Bunu görmek için “doğa kanunları”na biraz yakından bakmak gerek. Bunların evrenin işleyişini düzene koyan sabit kurallar olduğunu biliyoruz. Örneğin su mutlaka 100 derecede kaynıyor. Attığımız taş, yerçekimi nedeniyle, mutlaka yere düşüyor. İyi ama bu kanunlar neden var? Ve dahası neden oldukları gibiler?
Evrim teorisi üzerinde kafa yoranlar bu soruyu uzun süre ihmal etmişlerdi. Konuyu ele alan ilk bilim adamı, aynı zamanda bir felsefeci olan Lawrence Joseph Henderson oldu. Henderson, 1913 yılında yayınlanan “The Fitness of the Environment” (Doğanın Uygunluğu) adlı kitabında, Darwinizm'in temel bir unsuru olan “uygunluk” kavramını doğaya adapte etti. Buna göre, başta su olmak üzere, yeryüzündeki “malzeme”, hayata imkan sağlamak için olabilecek en ideal yapıdaydı.

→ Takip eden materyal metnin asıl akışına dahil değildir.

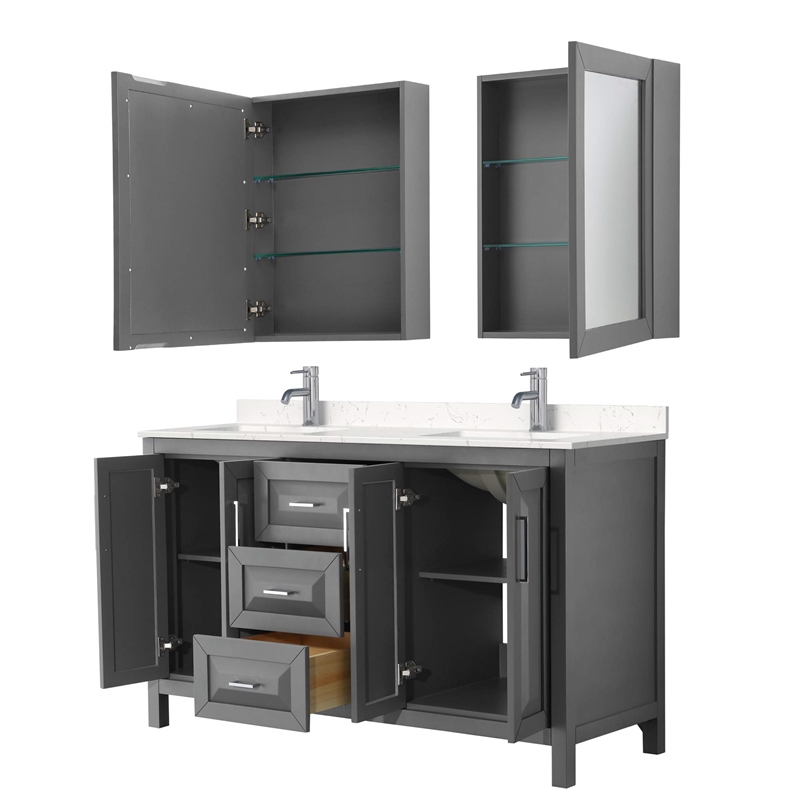 Wyndham Collection Daria 60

Yani, eğer evrim gerçekten dört milyar yıl sürmüş büyük bir gösteri ise, bunun “sahnesi” çok iyi hazırlanmıştı.
Bu görüş, 1960'larda fizik alanında elde edilen yeni bulgularla güçlenmeye başladı. Tüm doğa kanunlarının temeli olan yerçekimini, nükleer kuvvetleri ve elektromanyetik kuvveti inceleyen fizikçiler, bunların şaşırtıcı derecede “iyi ayarlanmış” olduğunu düşünmeye başladılar. Çünkü bunların değerlerinde en ufak bir farklılık olsa, üzerinde yaşamın yeşerebileceği Dünya gibi gezegenler hiç bir zaman var olmayacak, hatta maddeyi oluşturan elementler bile ortaya çıkmayacaktı.
1973 yılında Kopernik'in 500. doğum yıldönümü anısına düzenlenen büyük bir sempozyumda konuşan teorik fizikçi Brandon Carter, bu yaklaşımın adını da koydu: “Anthropic Principle”, yani “İnsani Prensip.” Carter'e göre, doğa kanunları, biz insanların içinde yaşayabileceği bir evrenin ortaya çıkması için özel olarak tasarlanmış gibiydi.
Bu “kozmik tasarım”dan Allah'ın varlığına varmak da pek çok kişi için zor olmadı. İngiliz düşünür Anthony Flew gibi kararlı ateistleri fikrinden caydıran, “yanıldım, Tanrı varmış” dedirten de, modern fiziğin vardığı bu noktaydı.
Ateizmden çark eden bir başka Batılı düşünür olan Patrick Glynn ise, “Post-Seküler Dünyada İnanç ve Aklın Uzlaşısı” altbaşlığını taşıyan “God: The Evidence” adlı kitabında şöyle diyordu:
“Yaşam, bir kör kaza olmak şöyle dursun, tüm evrenin ilk andan itibaren kendisine yöneldiği, kendisi için ayarlandığı ve düzenlendiği bir hedef gibi duruyor... Bu ise, bizi Tanrı'nın varlığı fikrinden uzaklaştıran değil, aksine ona yaklaştıran bir keşif. Bilim ve inanç arasında var olduğu kabul edilen gerilim, çoktan ortadan kalkmış durumda.”